No tenía respuesta para aquella pregunta. Qué mierda de pregunta era esa. Permaneció callado, soportando la mirada fría de Estabile, que devolvió al Consejo al silencio. Ahora no había bloque de hormigón. Era más bien una estructura de acero frío.

—Creo que el último trimestre va a ser mejor —dijo él finalmente—. Los datos se van a corregir ligeramente. Y hay buenas perspectivas para el comienzo del año.

—Eso esperamos todos —quien hablaba era el consejero delegado—. Muchas gracias, Márquez, ya puedes irte.

—Gracias —contestó Márquez. Se estaba poniendo de pie y recogía sus papeles cuando Estabile le habló otra vez.

—Piensa en lo que te he dicho. Reflexiona. ¿Estás satisfecho con tu vida?

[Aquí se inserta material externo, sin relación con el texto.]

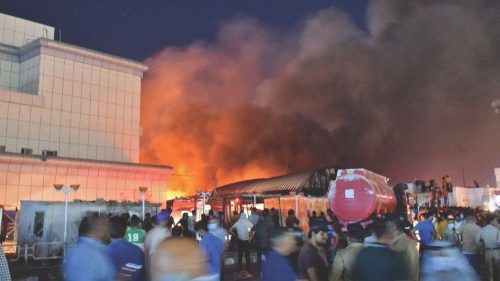 People gather as a massive fire engulfs the coronavirus isolation ward of Al-Hussein hospital in the ... People gather as a massive fire engulfs the coronavirus isolation ward of Al-Hussein hospital in the ...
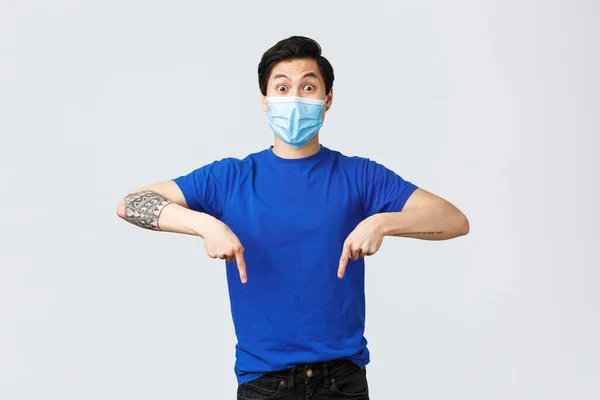 Olika känslor, social distans, självkarantän på coronavirus och livsstil koncept. Entusiastiska och upphetsad asiatisk man i medicinsk mask, pekar finger ner och ser kameran fascinerad — Stockfoto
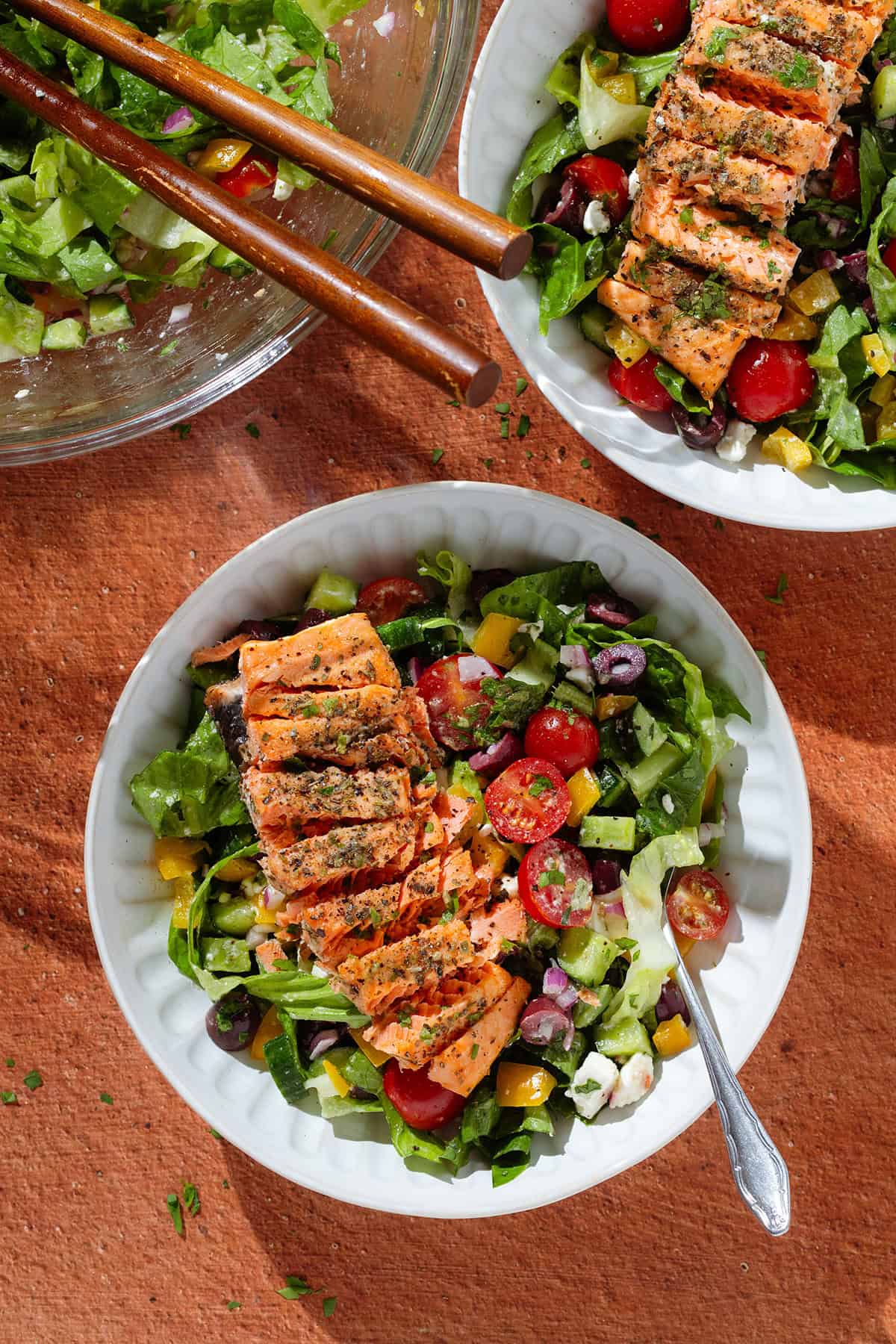 Two bowls of high protein salad topped with grilled salmon, cherry tomatoes, olives, and feta cheese make for a perfect summer meal, with a glass bowl of salad and chopsticks in the background.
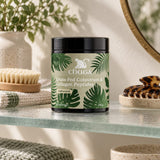 Chuga Grass-Fed Colostrum & Collagen Peptides jar on a glass bathroom shelf beside a bath brush and hair clip
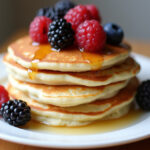 Finished low-carb high-protein cottage cheese pancakes with berries and syrup.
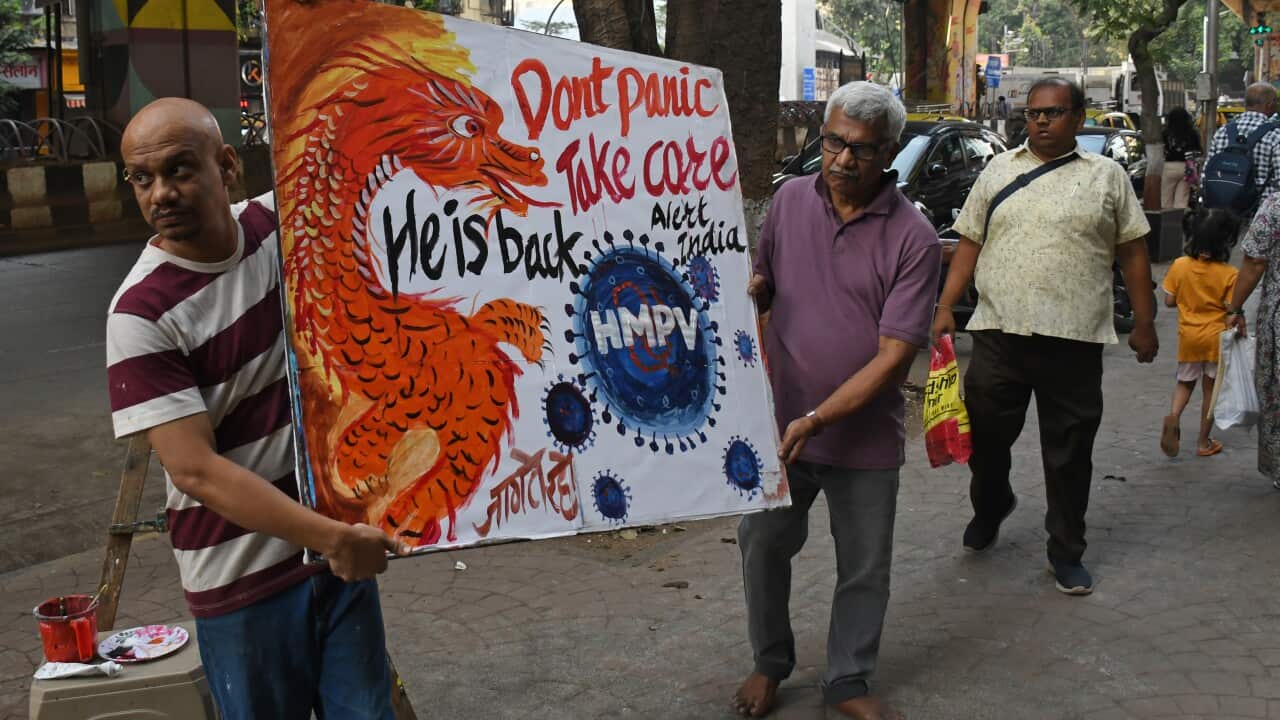 Gurukul school of art paints an awareness poster on Human metapneumovirus (HMPV) in Mumbai, India - 6 Jan 2025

Una vez que salió de la sala de juntas, ya solo en el pasillo, cambió el ritmo y sus pasos se volvieron lentos, incluso titubeantes. Era como si acabara de salir de la cabina de un vehículo después de sufrir un aparatoso accidente de tráfico. Hizo el recorrido de regreso a su departamento como si habitara en otra dimensión y fuera invisible. De hecho, cuando llegó al departamento, ni siquiera se percató de que Macipe, a quien había telefoneado dispuesto a abroncarlo sólo media hora antes, ya estaba allí, en su sitio, aunque con un aspecto aún más lamentable que de costumbre. Cerró la puerta de su despacho y se hundió en el sillón; levantó el teléfono y lo dejó descolgado. Por unos instantes su mirada ensimismada se quedó clavada en el amanecer de Windows de su tablet. Aquel amanecer era lo opuesto a la foto de su cabeza, que estaba negra, emponzoñada como una gaviota embadurnada de alquitrán.

Buscó algún asidero, algún indicio de abertura, alguna rendija que lo ayudara a salir de la oscuridad. Lo encontró en forma de sílabas. Vinieron a él como confeti espolvoreado sobre su lengua.

—Lupita —dijo para sí—. Lupita —repitió en voz alta, mientras encendía ansioso la tablet.